Un power chord est-il majeur ou mineur ?
Ni l'un ni l'autre. Il ne contient que la fondamentale et sa quinte, jamais la tierce qui décide de cette couleur. C'est un choix délibéré, pas un accord incomplet par accident : cette neutralité permet à un même riff de power chords de sonner juste sous une harmonie majeure comme sous une harmonie mineure fournie par un autre instrument.
Quand vaut-il mieux éviter de remplacer un accord de la grille par un power chord ?

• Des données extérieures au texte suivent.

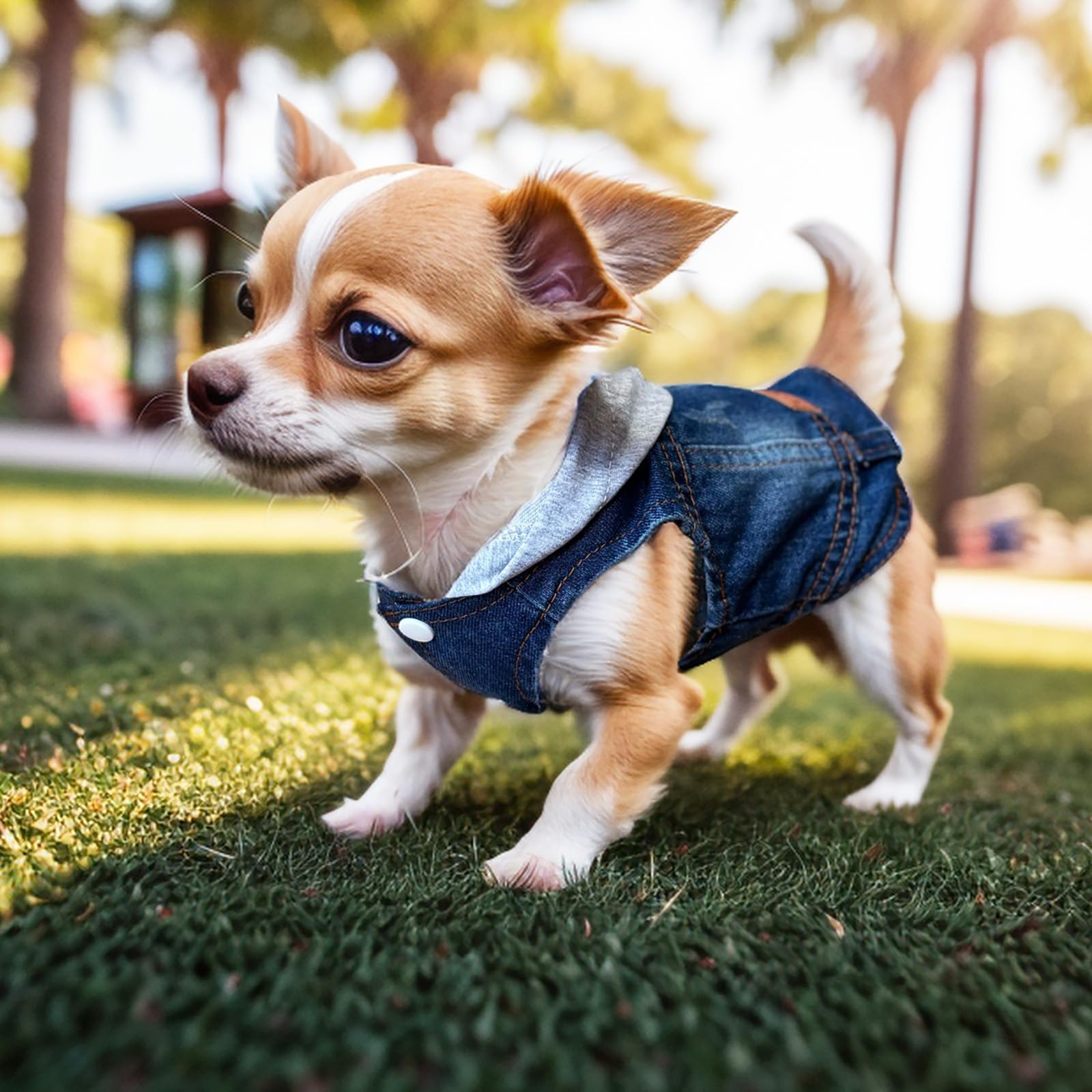 Jcdudoi Dog Jeans Jacket With Hooded Denim Pet Coat For Puppy Small Dogs Classic Overalls Male Cat Costumes Washed Vest Clothes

À la guitare seule, sans basse ni clavier pour fournir la couleur harmonique manquante, et sur les accords enrichis, septième majeure, suspendu, neuvième, dont toute la personnalité vient des notes situées au-dessus de la quinte. Dans ces deux cas, le power chord ne simplifie pas l'accord, il en joue un autre, plus pauvre.
Faut-il un accordage particulier pour jouer des power chords ?
Non : un power chord se joue et se déplace de la même façon quel que soit l'accordage, tant que l'intervalle de quinte entre les deux cordes concernées reste préservé. Les accordages abaissés, comme le drop D, facilitent seulement le jeu rapide de power chords sur les cordes graves en réduisant leur tension, sans changer la logique de la forme elle-même.